◆ **EXERCISE DESCRIPTION**:
Write out again, exactly as they appear, the lines from the start of the data below through the line with "Hồi sinh khủng"; no pictures.

◆ **GIVEN RECORDS**:
------------

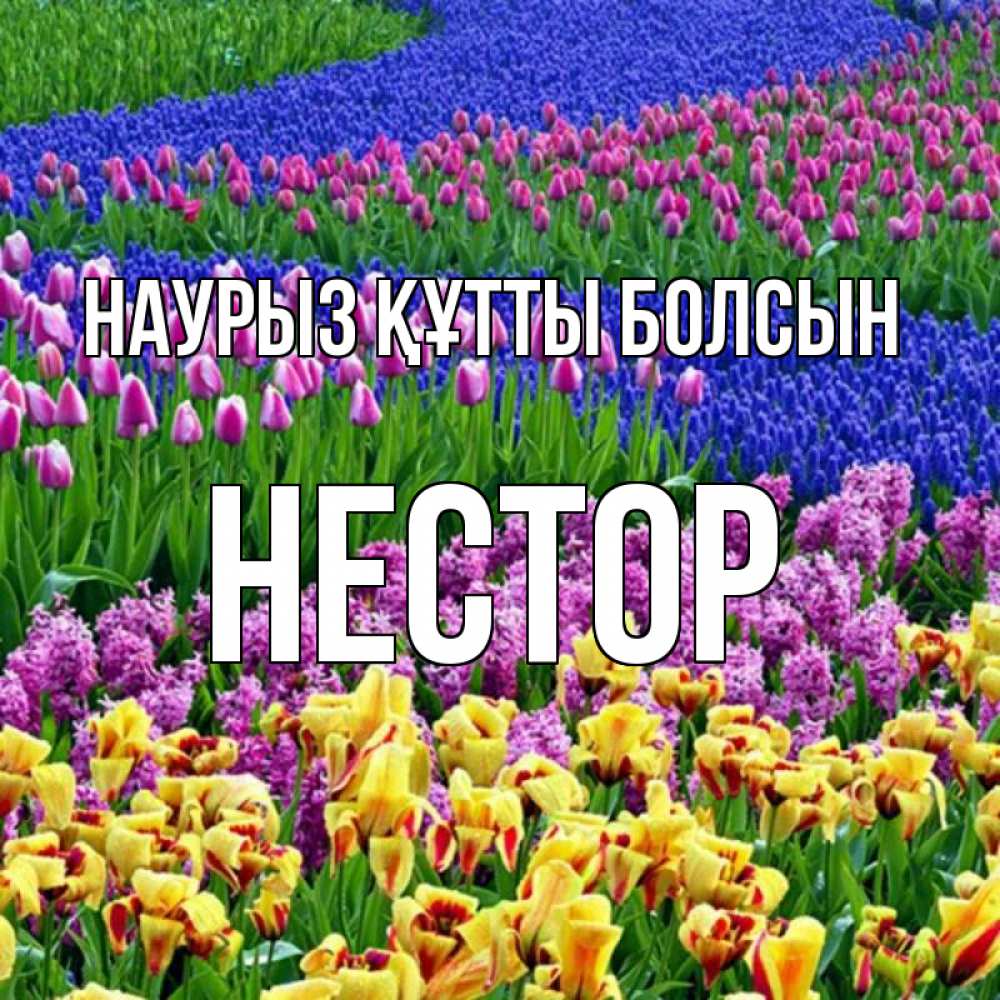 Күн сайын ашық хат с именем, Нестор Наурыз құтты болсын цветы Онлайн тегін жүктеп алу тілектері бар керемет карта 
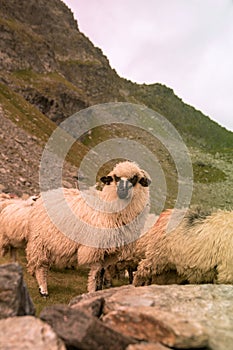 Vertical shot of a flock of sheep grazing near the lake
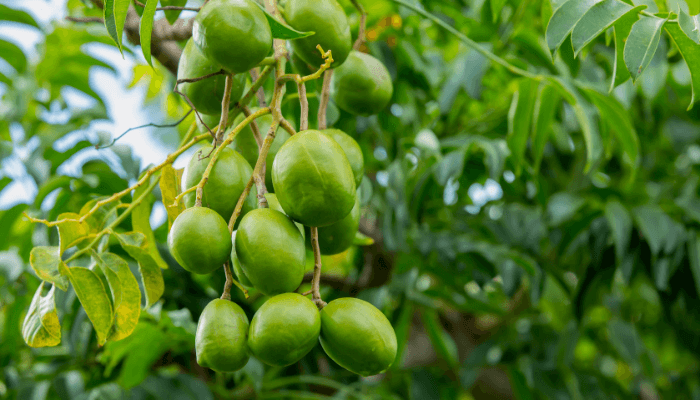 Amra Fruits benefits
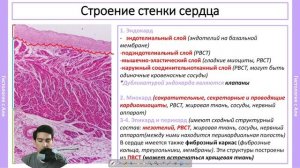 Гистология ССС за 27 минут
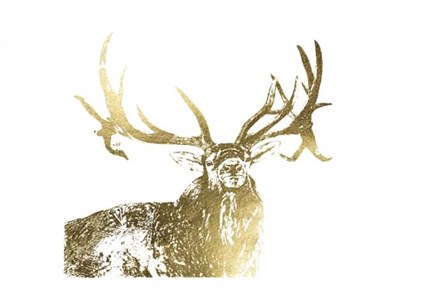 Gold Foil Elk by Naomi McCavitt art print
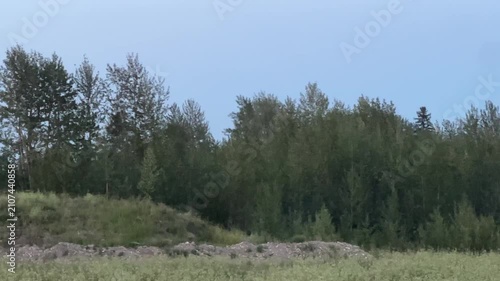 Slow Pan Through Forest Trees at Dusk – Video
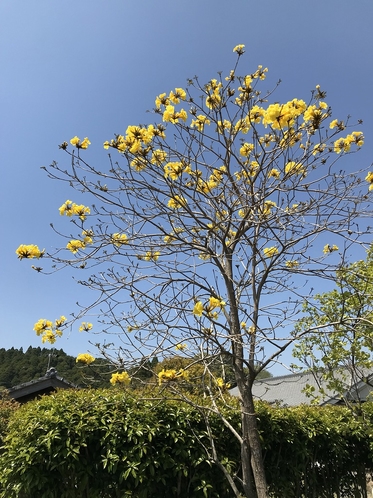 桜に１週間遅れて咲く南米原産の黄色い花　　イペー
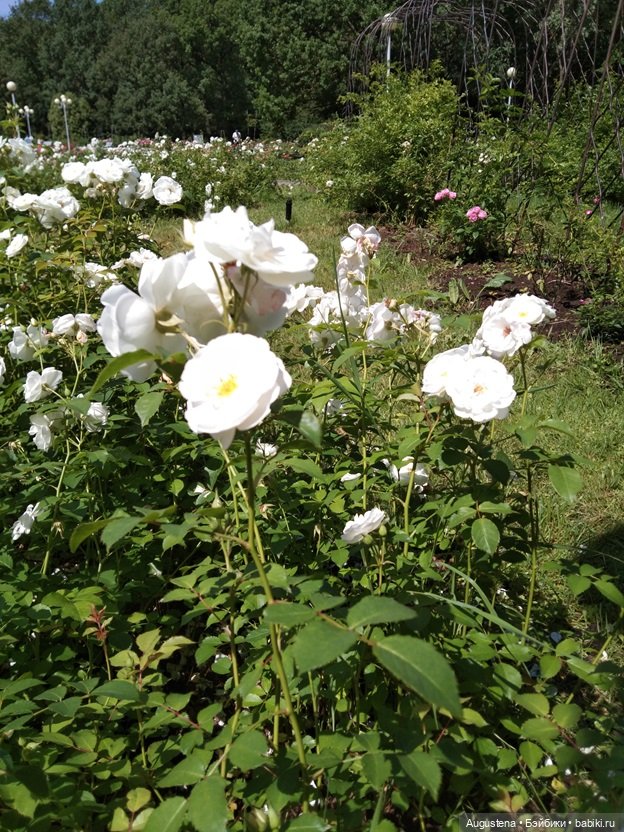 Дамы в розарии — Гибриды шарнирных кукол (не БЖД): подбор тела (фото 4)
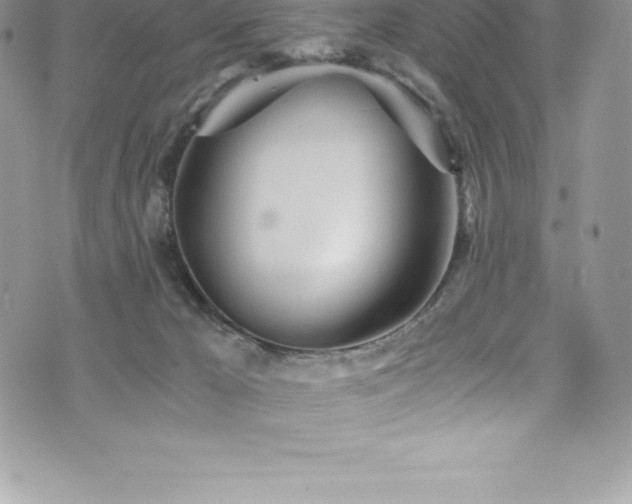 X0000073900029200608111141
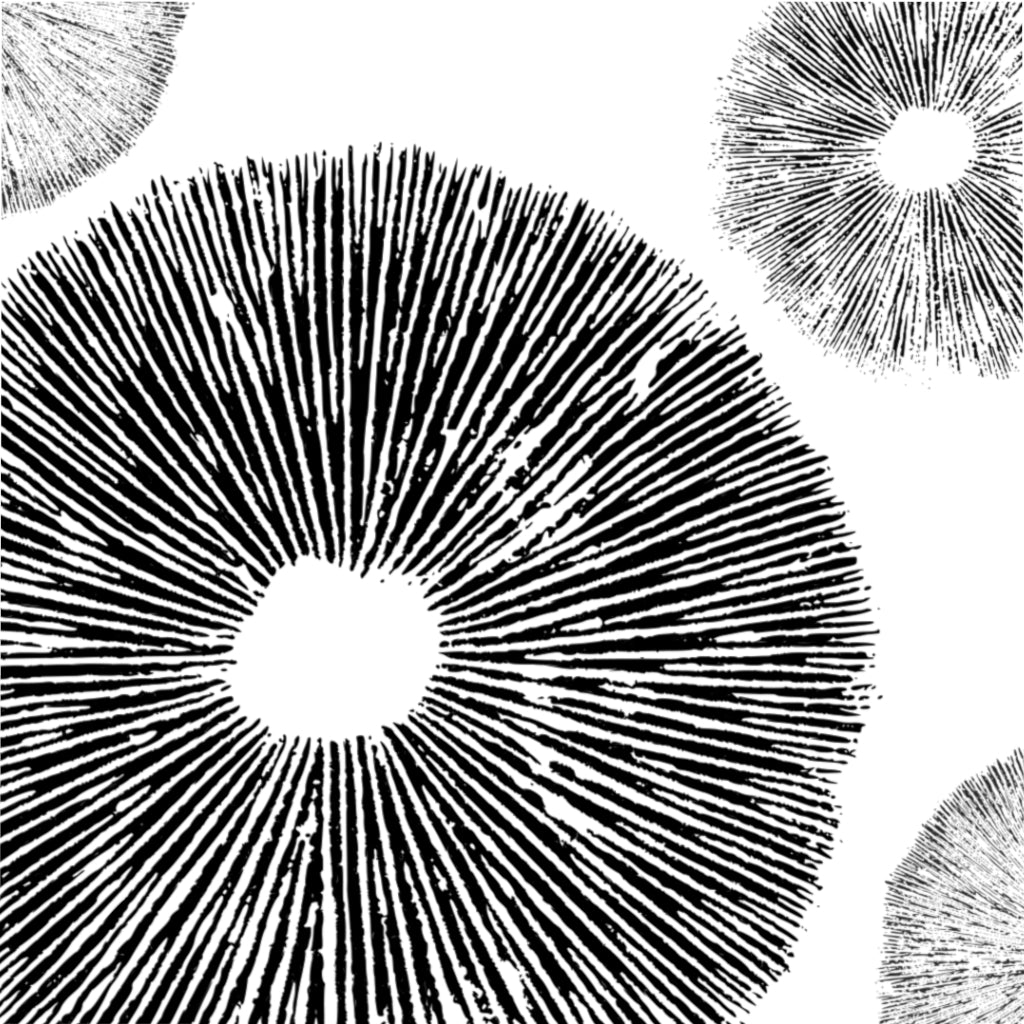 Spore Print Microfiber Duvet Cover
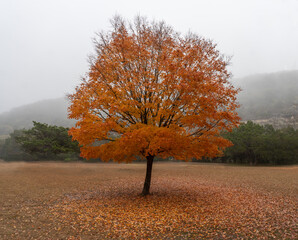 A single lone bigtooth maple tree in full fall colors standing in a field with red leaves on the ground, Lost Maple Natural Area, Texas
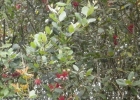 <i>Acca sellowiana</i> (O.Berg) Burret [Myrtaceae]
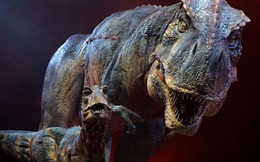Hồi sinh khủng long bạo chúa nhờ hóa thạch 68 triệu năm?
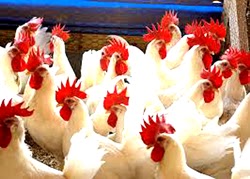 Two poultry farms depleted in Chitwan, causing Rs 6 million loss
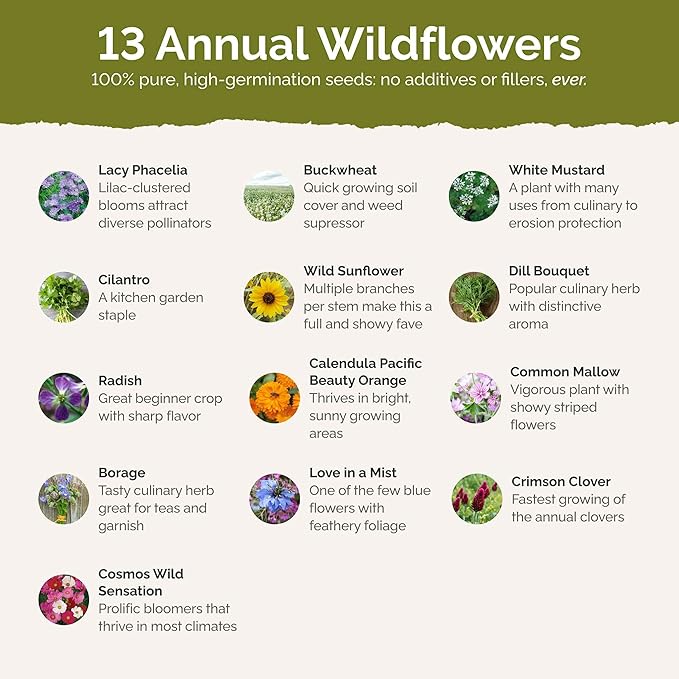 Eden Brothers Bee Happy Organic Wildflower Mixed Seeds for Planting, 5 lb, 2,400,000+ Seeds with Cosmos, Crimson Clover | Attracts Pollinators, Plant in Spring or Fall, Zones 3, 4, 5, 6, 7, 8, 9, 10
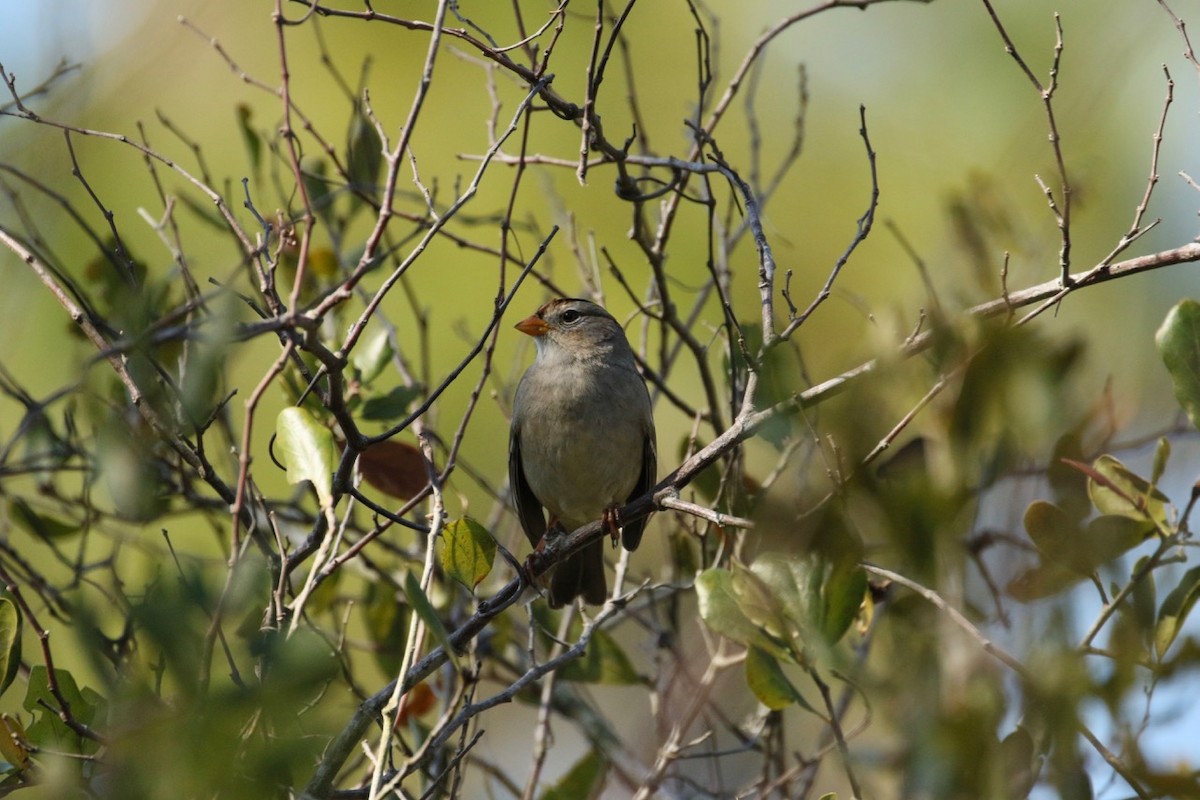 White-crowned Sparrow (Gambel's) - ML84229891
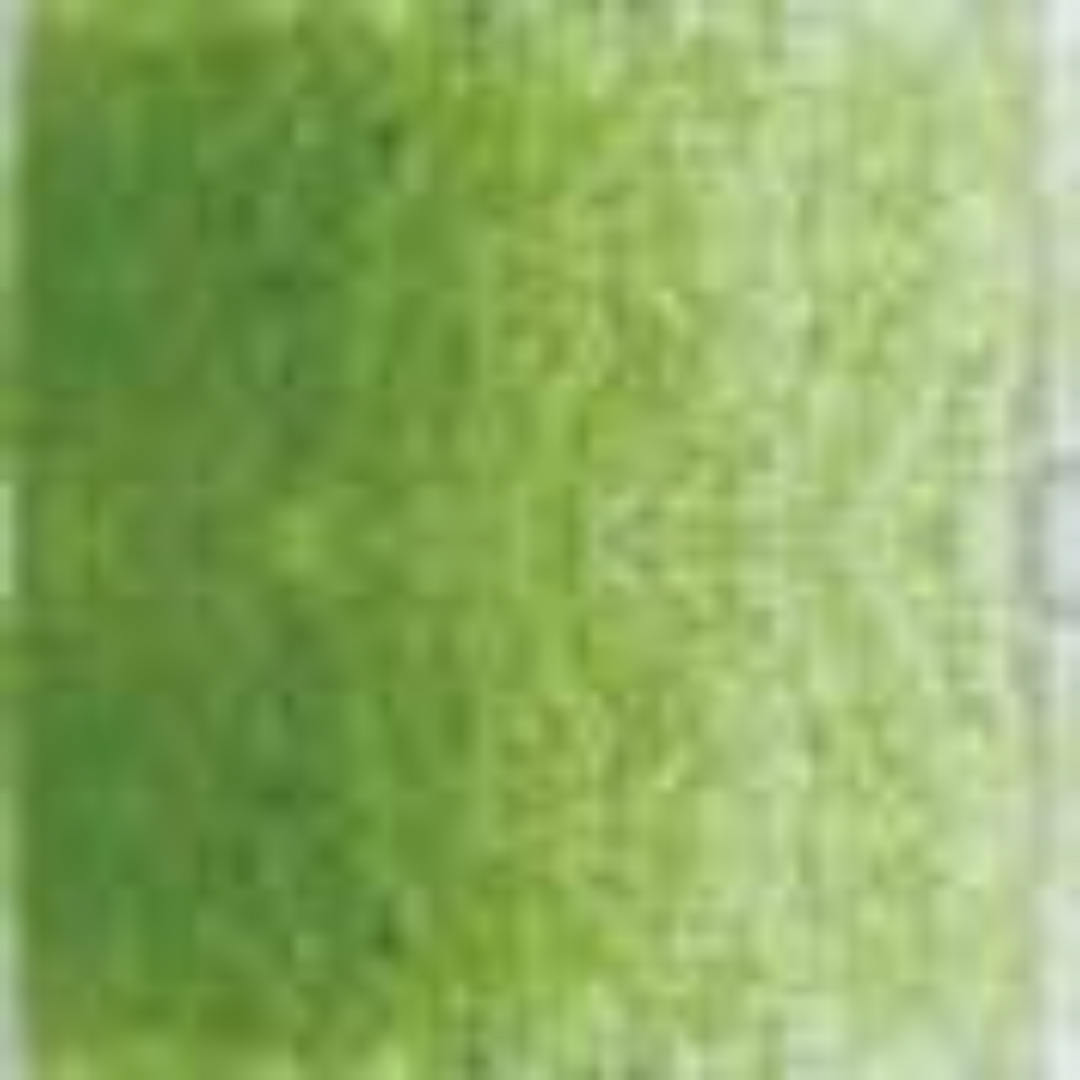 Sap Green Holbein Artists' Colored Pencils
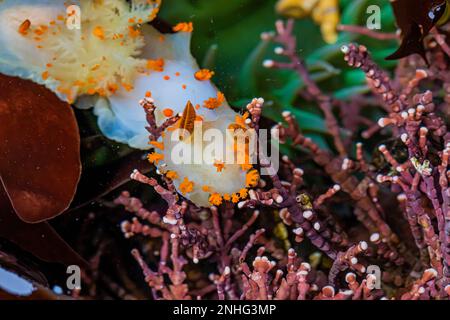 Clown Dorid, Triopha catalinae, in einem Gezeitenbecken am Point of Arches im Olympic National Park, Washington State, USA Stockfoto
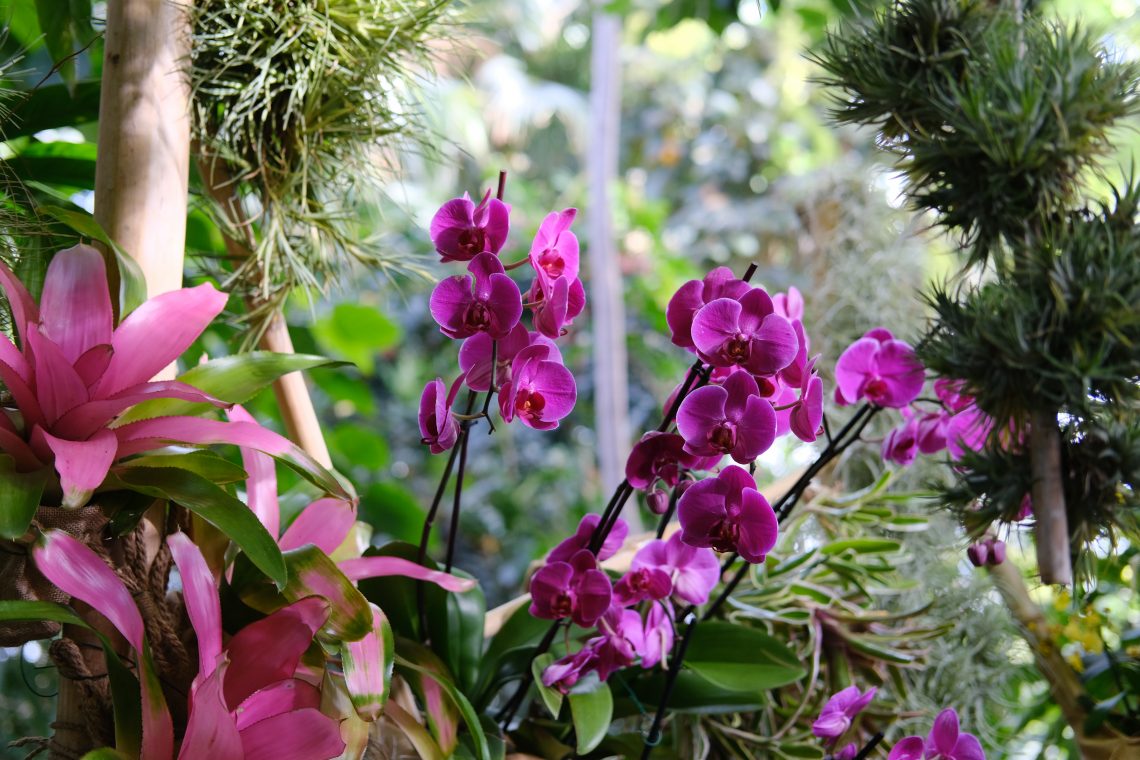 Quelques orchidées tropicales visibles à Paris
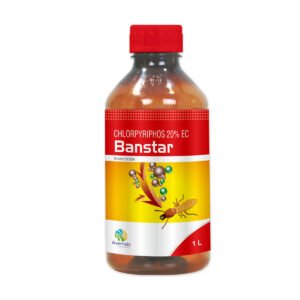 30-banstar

------------

◆ **ANSWER TO THIS PROBLEM**:
 Күн сайын ашық хат с именем, Нестор Наурыз құтты болсын цветы Онлайн тегін жүктеп алу тілектері бар керемет карта 
 Vertical shot of a flock of sheep grazing near the lake
 Amra Fruits benefits
 Гистология ССС за 27 минут
 Gold Foil Elk by Naomi McCavitt art print
 Slow Pan Through Forest Trees at Dusk – Video
 桜に１週間遅れて咲く南米原産の黄色い花　　イペー
 Дамы в розарии — Гибриды шарнирных кукол (не БЖД): подбор тела (фото 4)
 X0000073900029200608111141
 Spore Print Microfiber Duvet Cover
 A single lone bigtooth maple tree in full fall colors standing in a field with red leaves on the ground, Lost Maple Natural Area, Texas
 <i>Acca sellowiana</i> (O.Berg) Burret [Myrtaceae]
Hồi sinh khủng long bạo chúa nhờ hóa thạch 68 triệu năm?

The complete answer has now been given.